Organisations facing increasing property program volatility can benefit from alternative risk transfer strategies, unlocking access to strategic sources of capital and supporting long-term program stability, according to Aon.
The long-term view of property risk is increasingly volatile and complex. Risk buyers are currently navigating two opposing dynamics in the global property insurance market: pricing conditions continue to ease, while the growing frequency of natural catastrophes has the potential to shift the market toward harder conditions, especially if a major event occurs.
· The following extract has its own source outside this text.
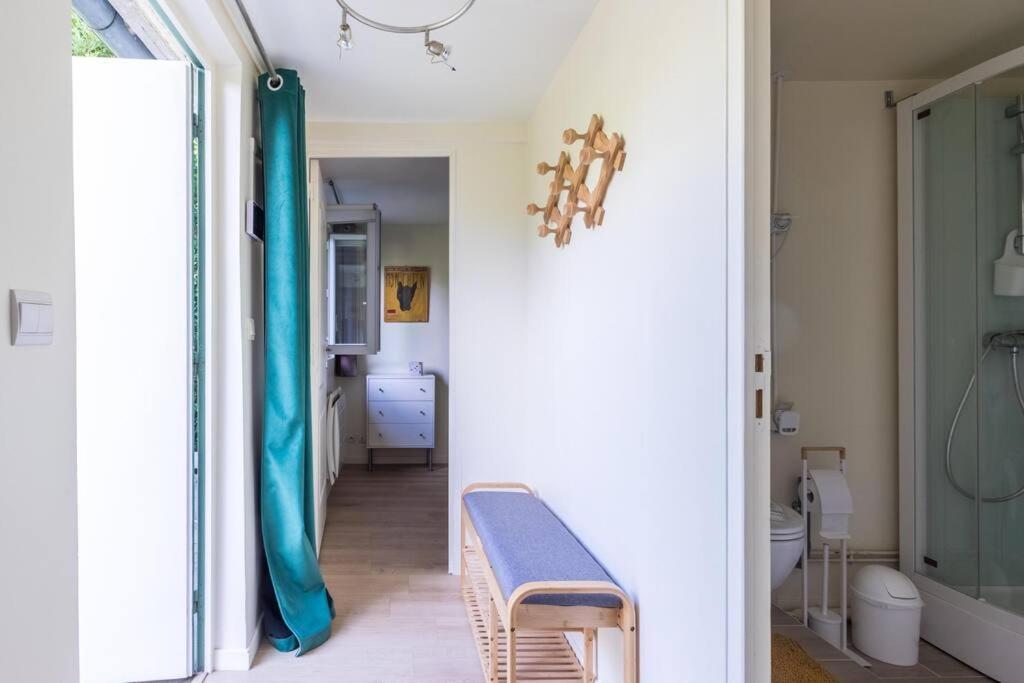 Maisonnette Dans Jardin Partage Bois-Colombes Kültér fotó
“The long-term trajectory of property risk is complex,” says Ryan Barber, Global Head of Property at Aon. “Heightened climate risk, increasing replacement costs and demographic shifts to cat-prone areas are putting more pressure on the market. This is a very favorable trading window for businesses to take a long-term view and future-proof their programs.”
In a recent article, Aon noted that a risk capital approach can help diversify exposures and enhance resilience, allowing organisations to make the most of favourable market conditions.
A risk capital strategy combines traditional risk transfer with alternatives such as reinsurance, structured solutions, parametrics, captives, and insurance-linked securities. These methods give companies direct access to capital, enabling cost savings and tailored risk management that balances risk transfer, retention, and alternative solutions.
As alternative capital sources continue to expand, they are driving more efficient and dynamic risk management solutions by moving closer to the underlying risks.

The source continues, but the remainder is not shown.